> _What is needed_
The full listing is to be transcribed exactly, with each picture left out.

Exercise data Start Marker

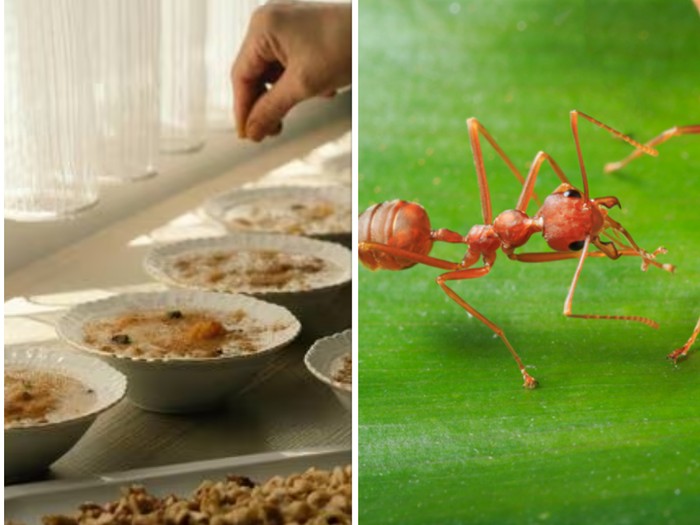 Restoran Michelin Kena Masalah usai Sajikan Makanan dengan Hiasan Semut: Inilah Kisahnya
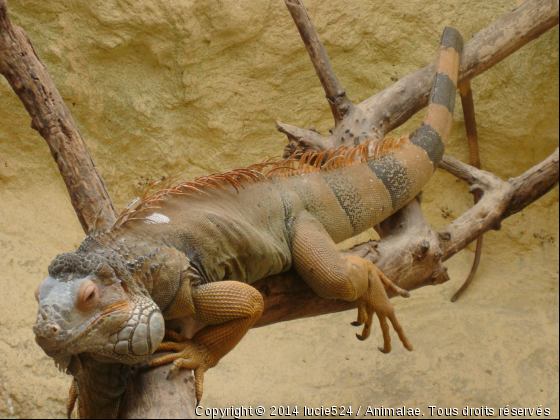 Repos - Photo de Reptiles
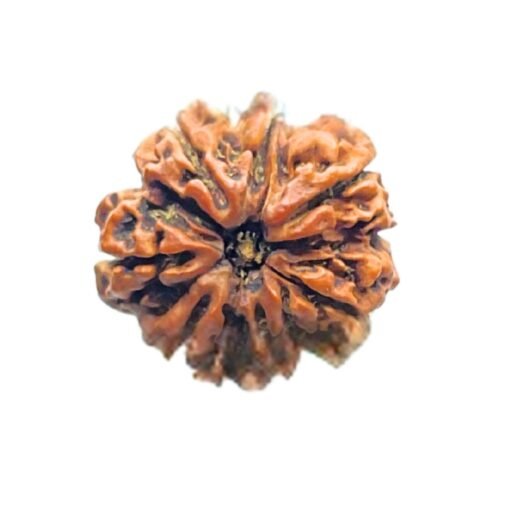 7 Mukhi Rudraksha 25.31 Mm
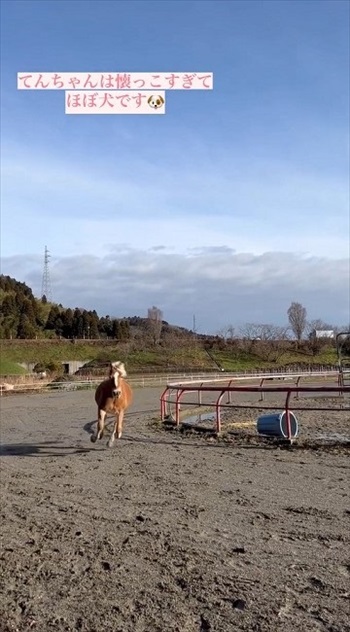 わんこなみに人懐っこい馬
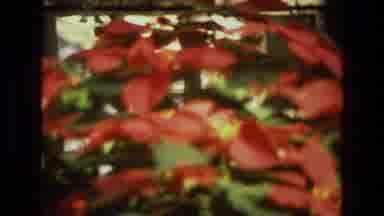 Iran (1972): Potted Flowers Placed In Front Of The Residence Tastefully Decorated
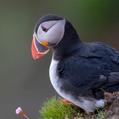 Atlantic Puffin (Fratercula arctica)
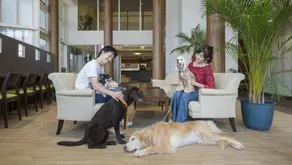 Izu-Kogen Wan Wan Paradise Condominium - Image 4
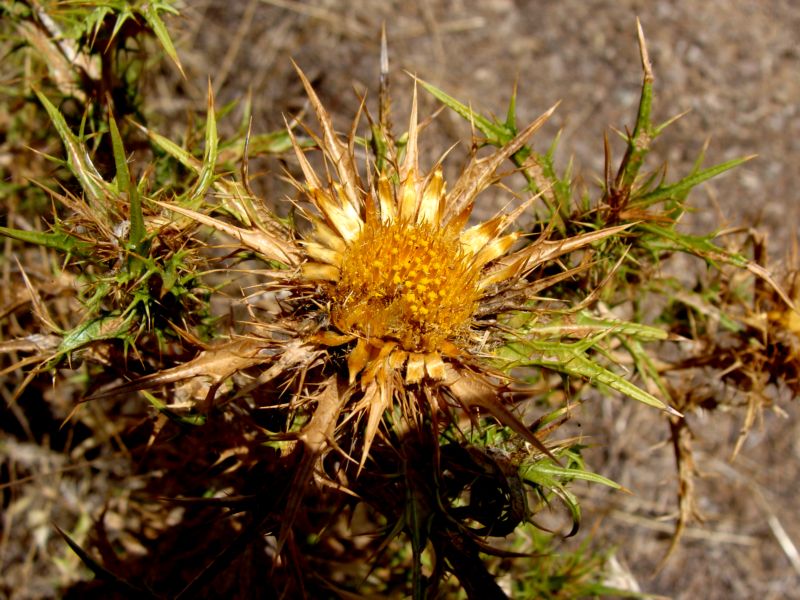 conferma per carlina...Carlina corymbosa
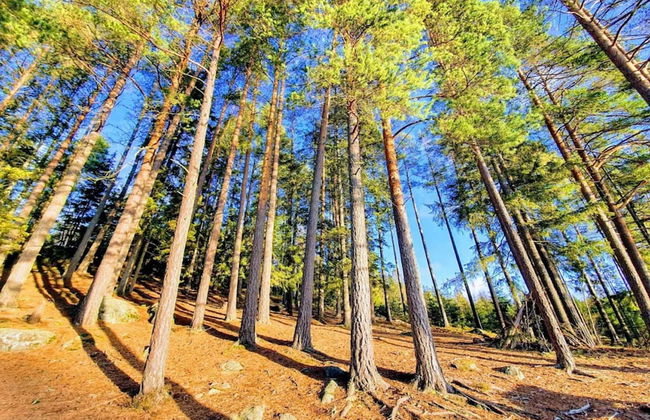 6 Person Holiday Home in Vreta Kloster - Foto 13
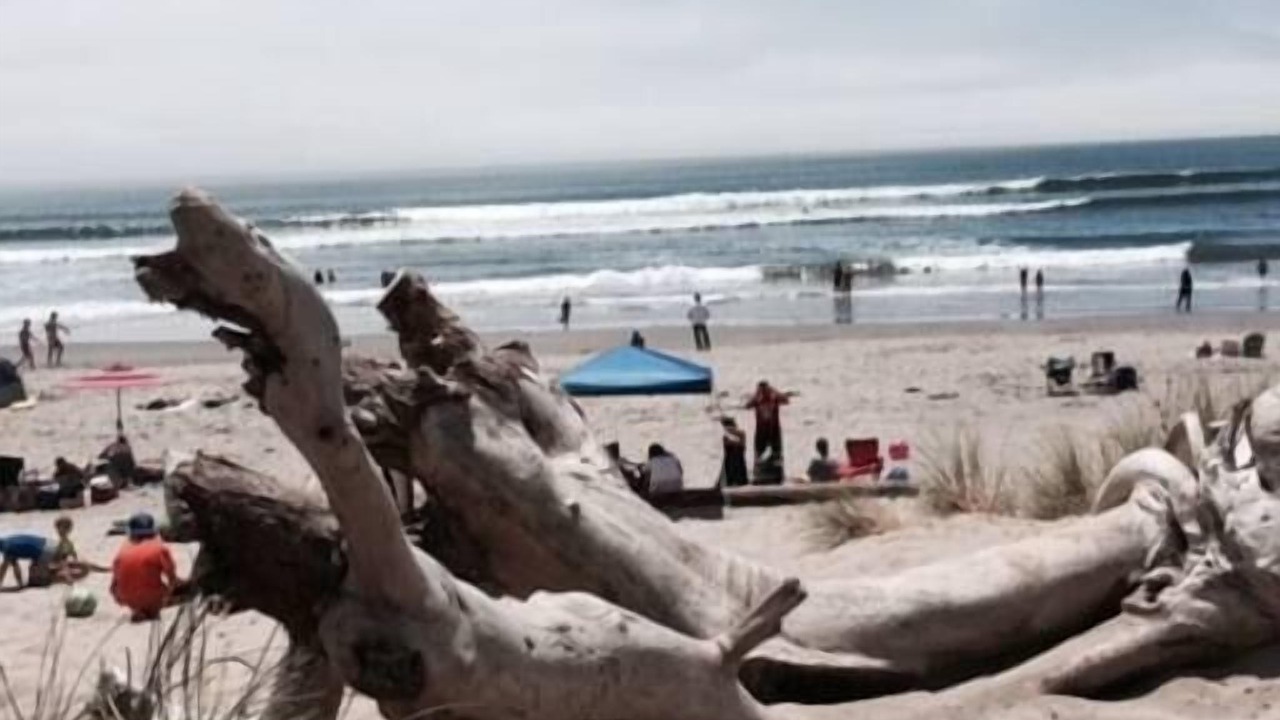 Photo of Others in Stinson Beach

Exercise data End Marker

> _Output for this task_
 Restoran Michelin Kena Masalah usai Sajikan Makanan dengan Hiasan Semut: Inilah Kisahnya
 Repos - Photo de Reptiles
 7 Mukhi Rudraksha 25.31 Mm
 わんこなみに人懐っこい馬
 Iran (1972): Potted Flowers Placed In Front Of The Residence Tastefully Decorated
 Atlantic Puffin (Fratercula arctica)
 Izu-Kogen Wan Wan Paradise Condominium - Image 4
 conferma per carlina...Carlina corymbosa
 6 Person Holiday Home in Vreta Kloster - Foto 13
 Photo of Others in Stinson Beach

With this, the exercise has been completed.